Wittgenstein : Il me semble qu’il s’agit là d’une erreur colossale. (…) Imaginez que je parvienne à convaincre quelqu’un du paradoxe du menteur et qu’il dise, « je mens, donc je ne mens pas, donc je mens et je ne mens pas, donc nous sommes face à une contradiction, donc 2 x 2 = 369 ». Eh bien nous ne devrions pas appeler cela une multiplication, voilà tout…
Turing : Même si vous ne savez pas que le pont s’écroulera s’il n’y a pas de contradiction, il est presque certain qu’en cas de contradiction les choses se passeront mal d’une manière ou d’une autre.
Wittgenstein : Mais rien ne s’est encore mal passé de cette manière… 15
En un sens, l’art de Montaron mise sur ce « pas encore » de Wittgenstein. Ses œuvres ménagent un espace pour une contradiction performative, pour ces formes d’expérience qui sont, proprement, incalculables. Ces dernières ne concernent pas seulement les forces oniriques qui ont nourri le surréalisme, mais aussi les formes de rationalisme qui chériraient le paradoxe du menteur plutôt qu’elles ne chercheraient à le résoudre – la tradition philosophique d’Héraclite, pour qui seul le changement était immuable.

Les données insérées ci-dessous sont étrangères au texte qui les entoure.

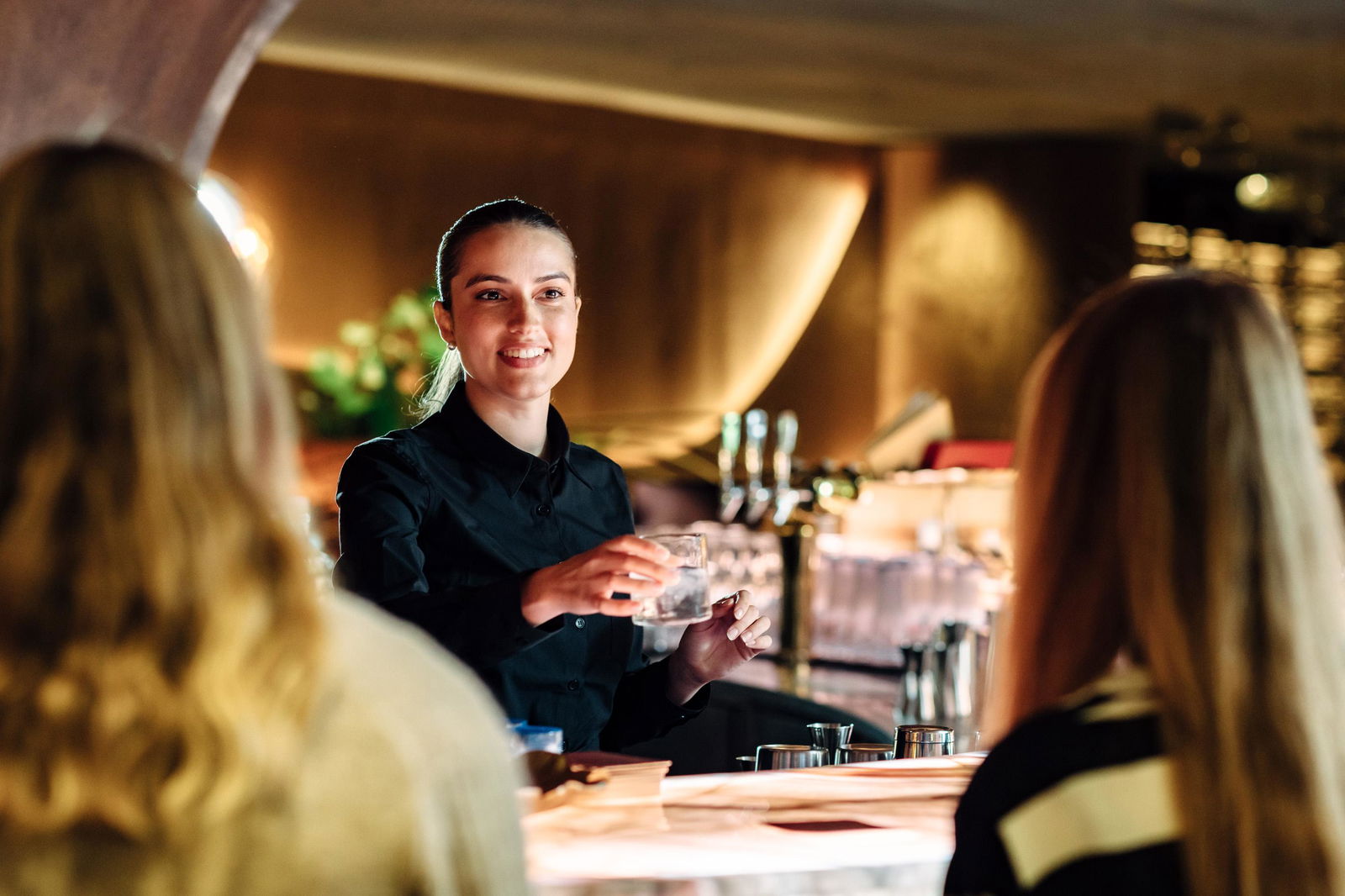 Bartender serving customers at the bar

L’espace créé par le travail de Laurent Montaron est une sorte de fissure, une fêlure dans une logique de production et de circulation d’images qui tend à se servir de l’opératoire pour tout régler – y compris l’art. Le domaine en expansion constante de l’opératoire rejoint, en fin de compte, ce que Turing appelle l’« application » et ne concerne pas seulement ce qui maintient le pont, mais aussi – selon la région du monde où il est construit – les algorithmes d’un missile autoguidé qui le fait s’écrouler. Contre l’étroitesse de cette raison instrumentale, Montaron propose, pour reprendre le titre de l’une de ses œuvres, un « message invisible ». Son travail se focalise sur le flux de la rivière qui court en dessous, dans laquelle – selon l’affirmation célèbre d’Héraclite – nous ne nous baignons jamais deux fois.